● Description of the task:
Quote precisely the final stretch of the listing: start at the line containing "this 570×380 image." and stop after the last line.
====== Data section ======
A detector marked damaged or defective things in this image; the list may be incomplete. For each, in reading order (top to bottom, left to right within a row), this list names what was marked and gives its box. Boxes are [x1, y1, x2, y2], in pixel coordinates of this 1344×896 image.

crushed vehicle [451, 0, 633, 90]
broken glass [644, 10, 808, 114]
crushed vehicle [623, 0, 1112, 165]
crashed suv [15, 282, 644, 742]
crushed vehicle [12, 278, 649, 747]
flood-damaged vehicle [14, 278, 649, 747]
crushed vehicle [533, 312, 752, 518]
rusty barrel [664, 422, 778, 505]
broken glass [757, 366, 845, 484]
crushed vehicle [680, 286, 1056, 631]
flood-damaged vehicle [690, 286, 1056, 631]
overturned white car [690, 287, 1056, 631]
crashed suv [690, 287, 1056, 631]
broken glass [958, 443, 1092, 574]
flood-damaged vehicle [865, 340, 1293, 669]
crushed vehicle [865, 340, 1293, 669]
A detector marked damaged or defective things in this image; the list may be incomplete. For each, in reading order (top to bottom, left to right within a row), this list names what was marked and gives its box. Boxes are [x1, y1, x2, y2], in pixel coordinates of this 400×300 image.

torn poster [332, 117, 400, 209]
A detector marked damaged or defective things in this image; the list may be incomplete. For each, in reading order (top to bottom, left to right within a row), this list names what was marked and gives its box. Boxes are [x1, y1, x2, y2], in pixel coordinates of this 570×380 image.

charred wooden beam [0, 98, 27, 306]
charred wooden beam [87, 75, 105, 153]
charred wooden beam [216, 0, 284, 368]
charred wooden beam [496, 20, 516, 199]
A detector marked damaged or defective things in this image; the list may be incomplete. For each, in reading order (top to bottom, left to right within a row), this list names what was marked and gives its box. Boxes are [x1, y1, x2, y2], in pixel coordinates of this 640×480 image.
======
● Solution to this problem:
A detector marked damaged or defective things in this image; the list may be incomplete. For each, in reading order (top to bottom, left to right within a row), this list names what was marked and gives its box. Boxes are [x1, y1, x2, y2], in pixel coordinates of this 570×380 image.

charred wooden beam [0, 98, 27, 306]
charred wooden beam [87, 75, 105, 153]
charred wooden beam [216, 0, 284, 368]
charred wooden beam [496, 20, 516, 199]
A detector marked damaged or defective things in this image; the list may be incomplete. For each, in reading order (top to bottom, left to right within a row), this list names what was marked and gives its box. Boxes are [x1, y1, x2, y2], in pixel coordinates of this 640×480 image.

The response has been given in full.